Python: perils of «x is 1»

2007-06-11

This arises from very useful discussions with Gareth and Paul in my article on Iverson’s convention.

Python code, like this: «if x is 1 :», that uses is to test equality with numbers, is subtely wrong and should not be tolerated. Python’s is operator tests for object identity (whether two expressions evaluate to the same object). Numbers in Python are objects just like everything else (and very sensible this is too).

The problem is that there may be more than one object with the same value. And since you as a programmer are almost certainly only interested in the value of a number it’s probably a mistake to use is for numbers. Two numbers with the same value aren’t necessarily the same object. Example using float:

>>> x = 1.0
>>> x is 1.0
False
>>> x == 1.0
True

Each floating point number is actually a new object, so the «x is 1.0» test fails; the literal 1.0 creates a new float object that is not the same as the one that was created for the assignment «x = 1.0».

The same is true of long:

>>> x = 1L
>>> x is 1L
False
>>> x == 1L
True

Compiler memoisation

As Gareth points out there is an additional subtlety. The Python compiler feels at liberty to merge literal number objects having the same value into one number object; at least within a compilation unit:

>>> x = 1L
>>> y = 1L; print x is 1L, y is 1L
False True

«y is 1L» is True in this case because Python uses the same 1L object for the all the 1L literals that appear on the same line passed to the interpreter.

On int

For int (Plain integer) the situtation is a bit more misleading. Certainly an int is an object and you can have two int objects with the same value, creating the same issues as for float and long:

>>> x = 2007
>>> x is 2007
False

The issue is that using is seems to work for smaller numbers:

>>> x = 160
>>> x is 160
True

What is happening is that Python maintains a global store of pre-made int objects for some of the more commonly found values. Whenever it needs an int object it checks to see if it is one of its favourites that it made earlier and if so then reuses that object instead of creating a new one. Compared to allocating a new object every time an int is required, this is a big win.

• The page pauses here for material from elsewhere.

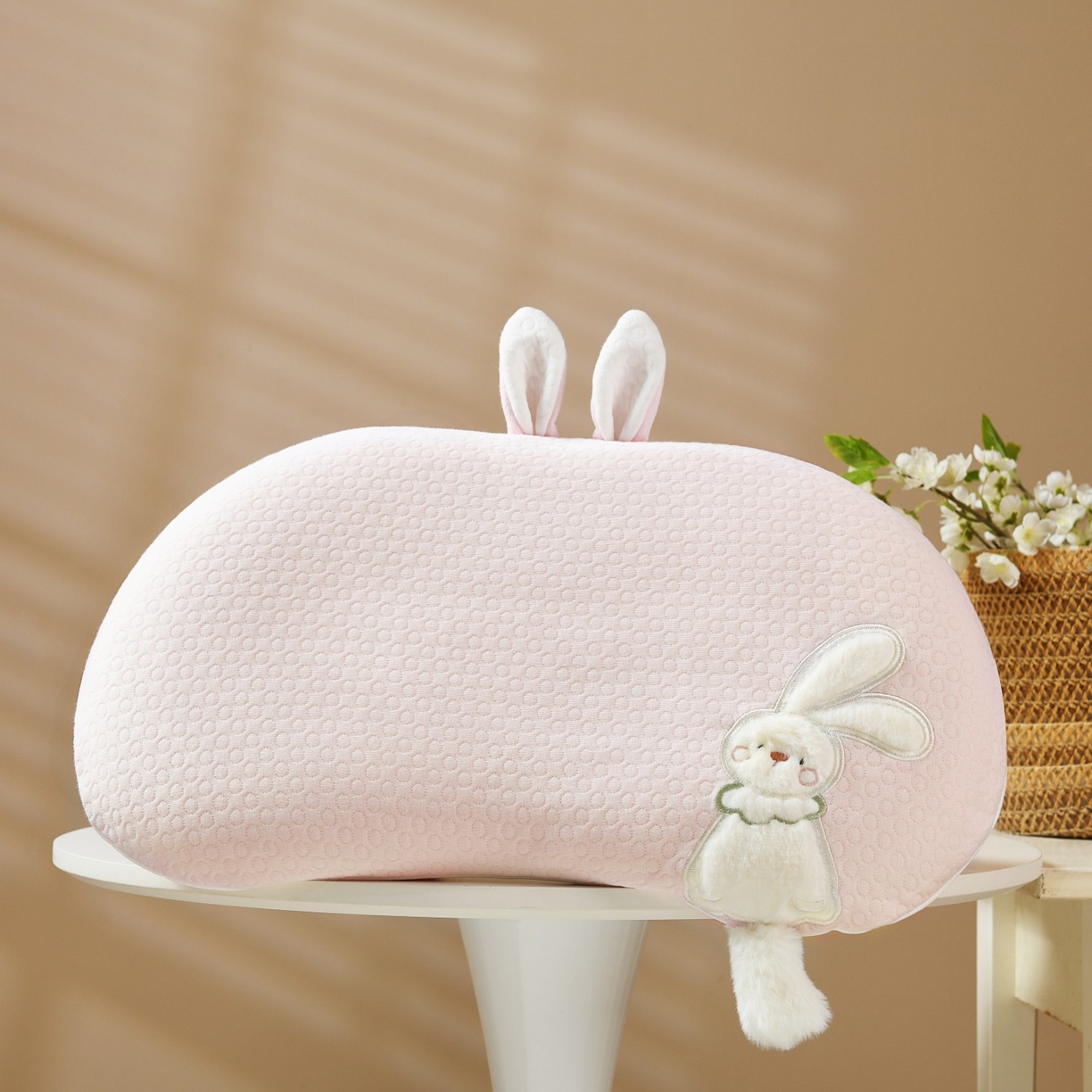 91家纺网 家纺一手货源 找家纺 小猫派 2025新款贴布绣豌豆儿童枕枕头枕芯 豌豆-垂尾兔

There’s no mention of this in the Python language reference, and it’s just the sort of thing you might stumble upon by accident. You might observe by experiment that is is safe to use on numbers, because you only played with small ones, and then get bitten by some sort of horrible «x is 2007» bug.

The Python implementation (that is, the C Python implementation that everyone uses) doesn’t define what range of int objects get memoised in this way. This is deliberate. Apparently it used to be 100 numbers, might now be 262 numbers. Maybe other implementations don’t use this technique at all. If you think «x is 1» is safe then what range are you going to rely on?

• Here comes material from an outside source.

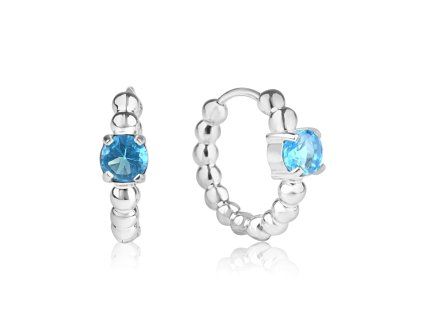 Náušnice z chirurgické oceli AXIS - Blue Topaz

The message is clear: It is not sensible to rely on using is for numbers. Not even 1.

Bonus section: bool

Though bool is an integer type (False == 0, True == 1), code like «x is False» is fine. That’s because the language specification says that there are only two bool objects, True and False. You can’t create any more, so expressions that evaluate to True or False, like «x > 7», always evaluate to one of the canonical bool objects. You can’t even use bool.__new__ to reach behind the curtain and generate new bool objects:

>>> x = bool.__new__(bool, 0)
>>> x
False
>>> x is False
True

(despite what the documentation for bool.__new__ says)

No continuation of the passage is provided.